Matt Miles wrote:
The question now is, how to plant some of these crops? Should I go over the land with a rototiller to break up the surface a bit or just broadcast a mixture of seed onto the surface, Sepp Holzer-style?
Thanks!
Matt
Broadcast! I had quite the compacted piece of Georgia clay when I bought my place, and my neighbor with the tractor disced one of my gardens (this was 3 years ago) and I can't say that it had a lasting effect. Oh sure, I got a nice crop out of that area the season after it was disced, but it was not
perma-culture; it was a way to get sucked into doing the same thing year after year, all the while making the clay hardpan that's 12" down even harder.
Since then, I have been going the cover crop approach, with crimson clover and radishes, and dumping lots of wood chips on it. That seems to be building up the soil and I have noticed an increase in earthworms.

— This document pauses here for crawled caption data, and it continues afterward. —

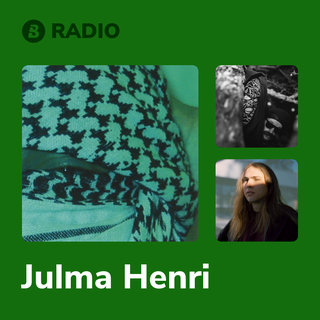 Julma Henri Radio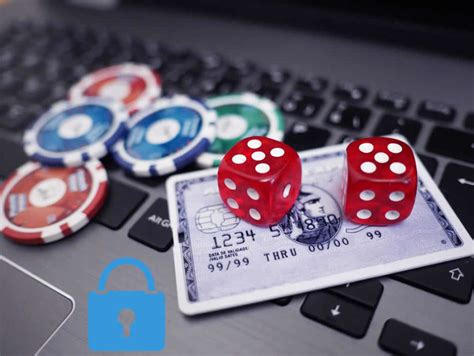 Club of Sports Bets Login | Entre na sua Conta e Aposte Agora!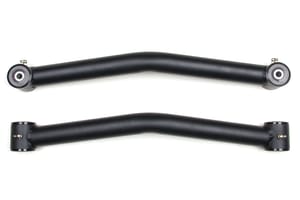 Suspension Accessories - BDS Suspension BDS124361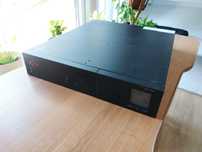 Zasilacz UPS Fideltronik KI PRO 1500 J 1500VA / 1200W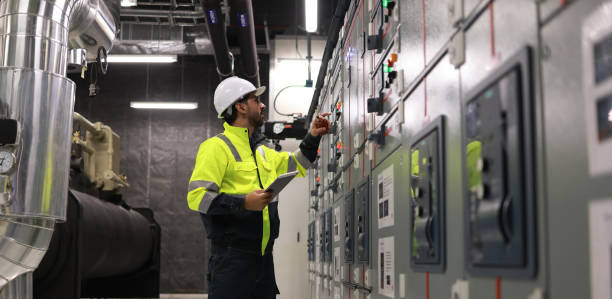 Best Residential HVAC Services  in Selma, TX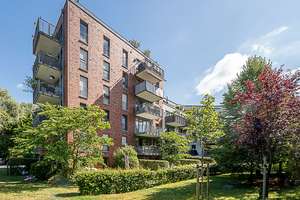 Property thumbnail 22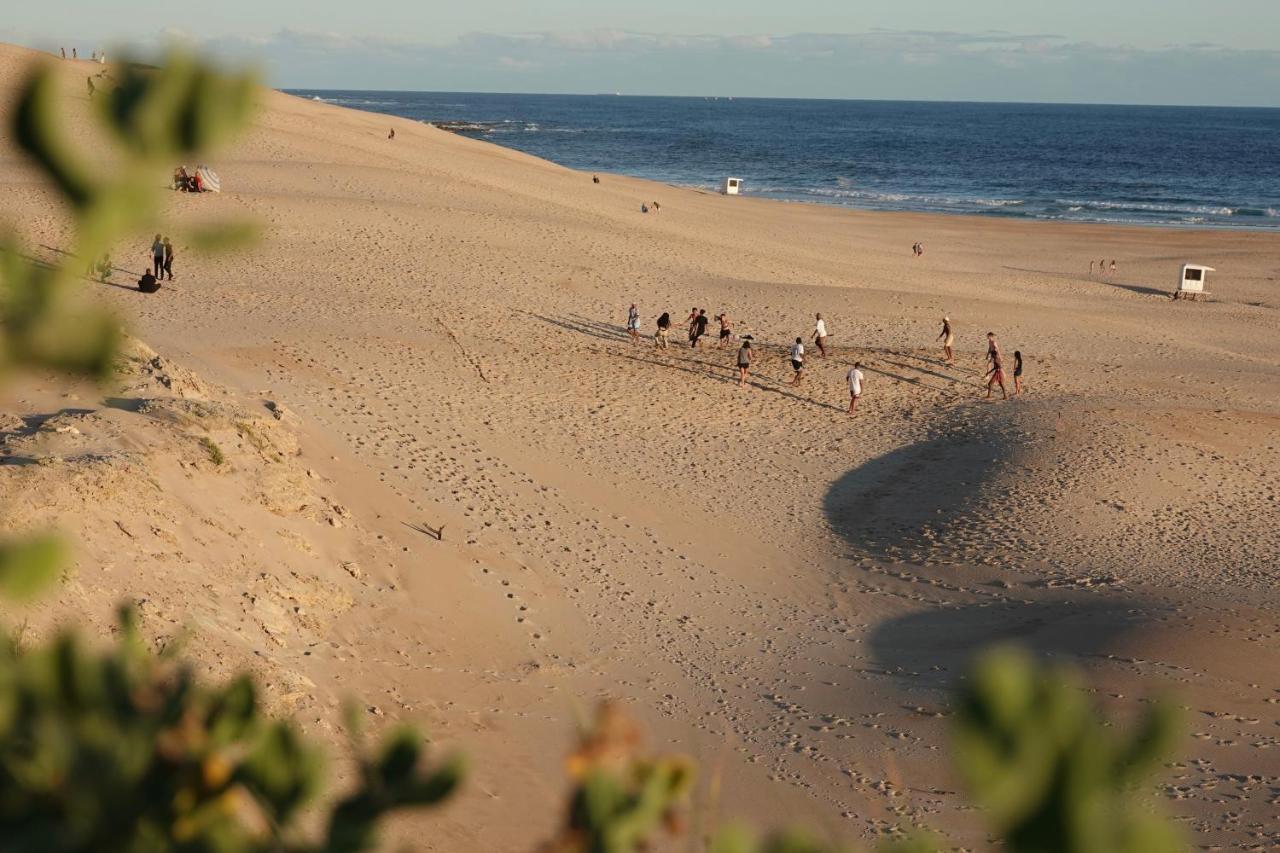 Soutelande Country Stay - Close To 1#Beach In Pe Port Elizabeth Exterior foto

One thing that can help with clay soils is adding gypsum to soften them up. Where to get gypsum for free? Any home construction site. The average new home fills a good sized dumpster with wood scraps, carpet scraps, carpet padding scraps, shingle scraps, cut bricks, and --most important-- drywall scraps. See if a contractor will let you cart off all his drywall scraps and then just broadcast them over your problem clay. After a few months of sitting out in the rain, the paper covering of the drywall rots away and you are left with lots of crumbly flat pieces of gypsum. You can leave them there to soak in after each rain, of if you want quicker results, you can till them under (just once, you don't have to make several passes like my neighbor who loves riding the tractor).